Cyber coverage is often seen as a nice-to-have rather than a critical risk tool, and that perception, according to Jay Vinda, Global CISO and Cyber Risk Engineering Lead at Mosaic Insurance, is holding the market back. Speaking from a CISO’s perspective at the CIA Cyber Insurance Bootcamp 2025, Vinda highlighted the persistent barriers that stop organizations from fully embracing cyber insruance and how the industry could rethink its approach.
The Three Barriers to Cyber Coverage
Vinda distilled CISO frustrations into three recurring challenges:
- Technical relevance: Brokers and underwriters often ask questions that don’t reflect the realities of an organization’s attack surface.
- Language disconnect: Insurance terminology doesn’t always translate to cybersecurity, making it hard for CISOs to connect coverage with controls.
- Value mismatch: Premiums rarely reflect the level of security investment already made, leaving organizations unsure of the tangible benefits.

Bridging the Gap Between CISOs and Cyber Coverage
When it comes to cyber coverage, Vinda explained that insurers typically view cyber threats through the lens of financial loss: ransomware equates to business interruption; stolen data triggers breach response costs; and downstream effects result in third-party liability.

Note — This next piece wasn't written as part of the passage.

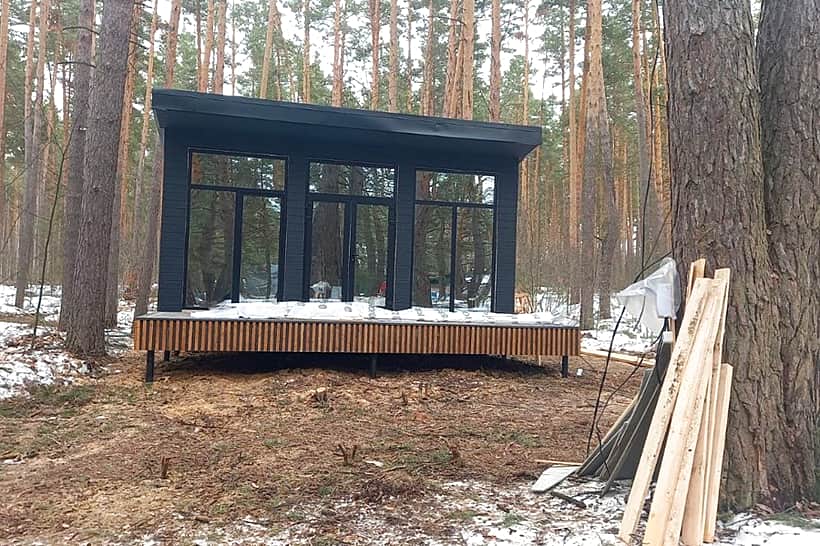 На территории глэмпинга в Канашском районе прокладывают инженерные коммуникации.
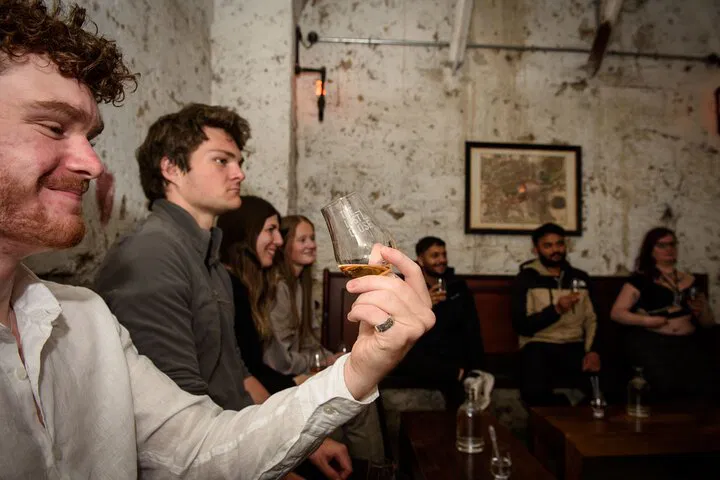 Edinburgh's Underground Vaults: Whisky & History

CISOs, however, see attacks through the prism of controls and threat vectors: email compromise, privilege escalation, endpoint gaps, and lateral movement.
“Our industry doesn’t always connect business impact back to cyber controls,” Vinda noted. “Aligning terminology and risk frameworks can close both the technical and language gaps at once.”
A New Paradigm for Cyber Coverage
Bridging the language, technical, and value gaps in cyber coverage requires collaboration between CISOs and insurers. “When we align terminology, focus on relevant controls, and ensure measurable risk reduction, we transform the perception of cyber insurance,” Vinda said. “That’s how we bridge the gap.”
By connecting coverage to real controls and providing demonstrable risk reduction, cyber insurance can evolve from a perceived cost center into a core pillar of organizational resilience.
Jay Vinda’s session took place at the 2025 Cyber Insurance Bootcamp. It brought together top industry minds for an intensive, no-nonsense learning experience focused on the trends that will shape cyber risk in 2026.